The following requirements and limitations exist:

  • The task dashboard is available on Anyscale clouds deployed to AWS or Google Cloud that use virtual machines.
    • The task dashboard isn't available for any clouds deployed using Kubernetes, including EKS and GKE.
  • The task dashboard reports metrics for jobs and workspaces that use Ray version 2.40.0 and above.
  • To terminate the system cluster with the Anyscale CLI or SDK, you must use version 0.26.32 or above.
  • The task dashboard only captures metrics when the system cluster is enabled. Jobs or workspaces launched before the system cluster is enabled don't report metrics, even if you enable the system cluster while they're running.

Access the task dashboard

You can view the task dashboard in the Anyscale console for any job or workspace.

Complete the following steps to access the Anyscale task dashboard:

  1. Log in to the Anyscale console.
  2. Click Workspaces or Jobs.
  3. Click the name of a workspace or job.
  4. Click Ray Workloads.
  5. Click Tasks. The task dashboard appears.
important

Anyscale deploys a system cluster to power the task dashboard. If your cloud doesn't have an active system cluster running, a screen with the message Observability service is launching appears as the system cluster starts.

Task dashboard system cluster

When you access the task dashboard, Anyscale deploys a single node system cluster in the Anyscale cloud of your job or workspace. A single system cluster monitors all workloads in all projects for your Anyscale cloud, but each cloud deployment requires a separate system cluster. See the Anyscale pricing page for details on costs associated with this cluster.

The following table indicates the instance type used for each supported cloud deployment:

Cloud deploymentInstance type
AWSm5.2xlarge
Google Cloudn2-standard-8

By default, the system cluster terminates after 8 hours if no users are actively viewing a task dashboard in your cloud deployment. You can use the Anyscale CLI or SDK to manually terminate the system cluster, but Anyscale automatically restarts the system cluster when a user views the task dashboard. See Terminate the system cluster.

Anyscale stores the metrics collected by the system cluster in the default cloud object storage location configured for your Anyscale cloud deployment. Anyscale doesn't delete data when the system cluster terminates.

Enable system cluster and task dashboard

An organization admin must enable the system cluster using the Anyscale CLI. Enabling the system cluster for an Anyscale cloud enables the task dashboard for that cloud.

To enable the system cluster, run the following command:

anyscale cloud config update --cloud-id <cloud-id> --enable-system-cluster

To disable the system cluster and turn off the task dashboard for a cloud, run the following command:

anyscale cloud config update --cloud-id <cloud-id> --disable-system-cluster

Monitor the system cluster

You can monitor the system cluster using the Anyscale cloud dashboard. See Dashboard.

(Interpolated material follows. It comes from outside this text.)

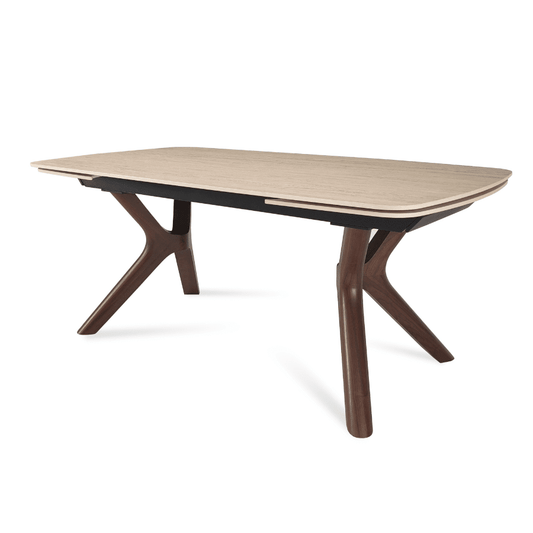 Extendable Table | Tarsos Natural Italian Ceramic Top - Your Bar Stools Canada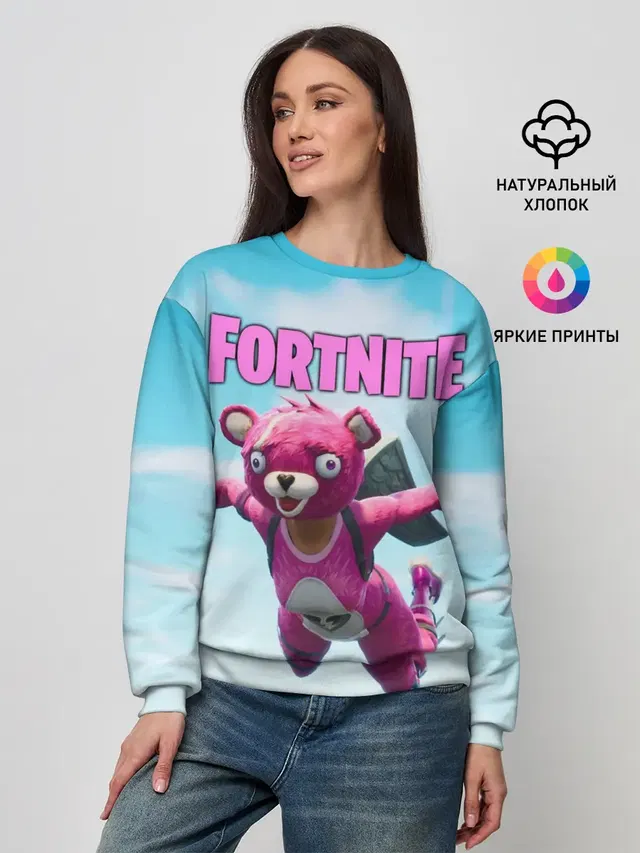 Женский свитшот с принтом «Фортнайт — Fortnite Save the World»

Terminate the system cluster

Use the Anyscale CLI or SDK to terminate the system cluster. This requires version 0.26.32 or above.

note

The following examples use the wait option to wait until termination completes before returning. If you don't specify the wait option, the command returns after initializing termination.

anyscale cloud terminate-system-cluster --cloud-id <cloud-id> --wait

Performance impact

Reporting task metrics to the task dashboard might introduce a small overhead to your Ray applications. This overhead might impact performance for workloads that push the upper limits for throughput and latency for Ray tasks.

If you notice performance degradation for your workload after enabling the task dashboard, disable the task dashboard for the Anyscale cloud containing the workload. Contact Anyscale support to learn about new features that might reduce performance impact.